Joelene Bergonzi, Program, Coordinator, Leadership, Ethics and Social Action, IUB Department of Political Science
| One reason that people avoid civic and political engagement is the potential for conflict with those who hold different views. As dedicated to surrounding ourselves with only like-minded people as we can be, engaging in community life will inevitably lead to discussion and potential conflict with people who hold different viewpoints than our own.
Two years ago, I began teaching an introductory service-learning course for the program in Leadership, Ethics and Social Action, called Beyond the Sample Gates. I noticed that the students would refrain from engaging in discussion when they assumed that they disagreed with something said by a guest or by a classmate and sometimes by the instructor and the course readings. This silence, disengagement and withdrawal are pervasive parts of the undergraduate culture.
Disengagement from what is happening around us is also pervasive in family, social and business contexts. When the additional factor of a difference in viewpoints is present, we may not even be aware of how much emotional, intellectual and even physical distance we can put between us and the situation. That distance and disengagement is an obstacle for solving problems, having relationships and participating in community decision-making.
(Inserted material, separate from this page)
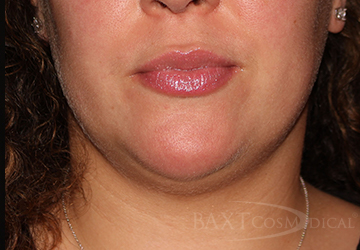 CoolSculpting® Treatment Before - Paramus, NJ CoolSculpting® Treatment Before - Paramus, NJ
What can be done to further civic engagement in these difficult situations? It is important to learn and model the skills of dialogue with people who have different views. We use these skills in doing business, in family life, in the classroom and in political involvement.
• Listen for needs instead of trying to compose a rebuttal. People are more inclined to listen when they feel listened to, rather than if they feel attacked. It is even possible to engage with a group of people with different needs and to come up with an action that will meet the needs of the group as a next step. That outcome requires listening instead of pushing one’s own agenda.
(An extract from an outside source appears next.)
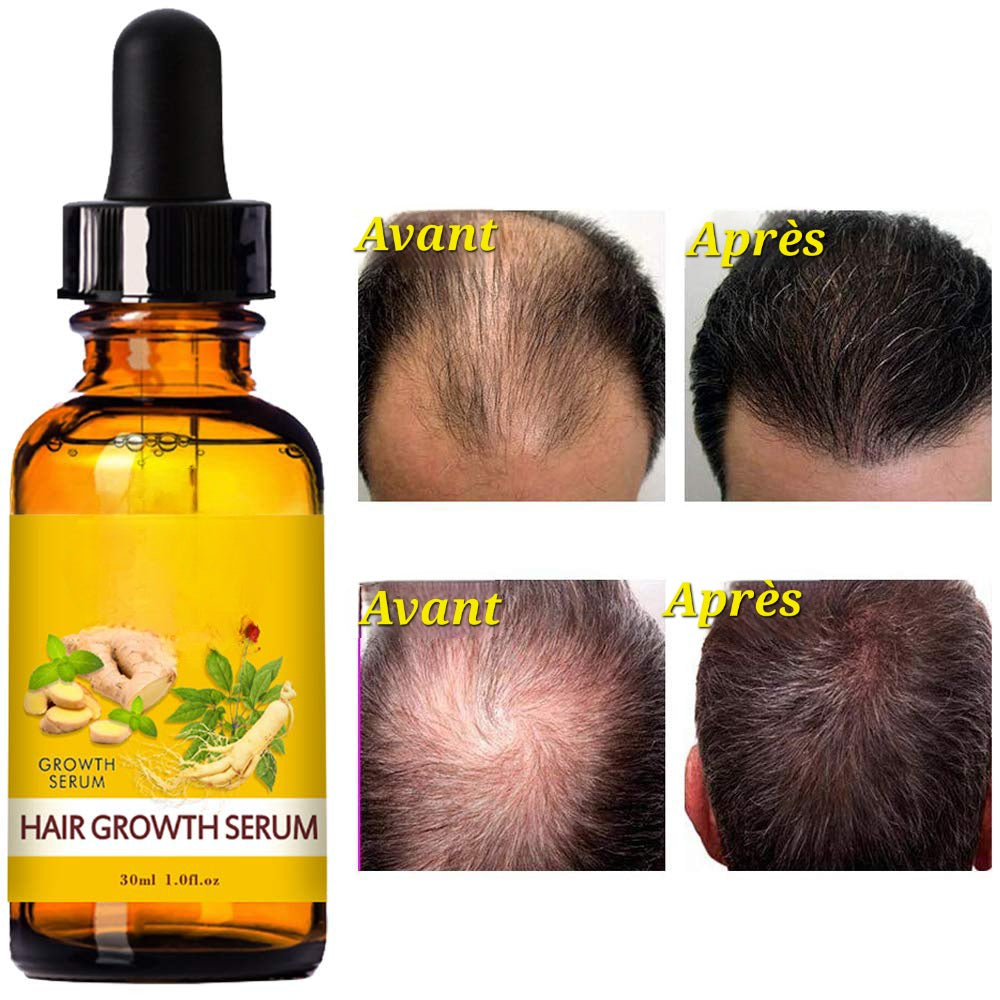 Sérum de croissance rapide des cheveux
The intention is to agree to listen and respect other people’s views and to work with their needs toward community decision-making. It is NOT about getting some people to agree to change their views.
• Explore the most appealing part of the opposite viewpoint, then the downside of one’s own argument. Next, one could acknowledge the downside of the most feared view and then the positive part of one’s own perspective. Exploring one’s own assumptions and fears is important to articulating individual and community needs.
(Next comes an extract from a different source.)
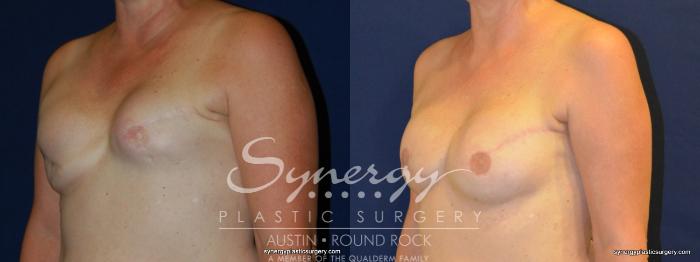 Before & After Reconstruction - Breast Cancer Case 239 View #4 View in Austin, TX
Community mediators are having good results by providing an open space for different views to be heard in a non-adversarial atmosphere. Family and marital conflicts, victim/offender reconciliations and even activist groups who disagree have been able to listen and decide on actions in this context. Training in the skills of a mediator has helped me to coach the students in my class as they explore their assumptions and listen to different viewpoints.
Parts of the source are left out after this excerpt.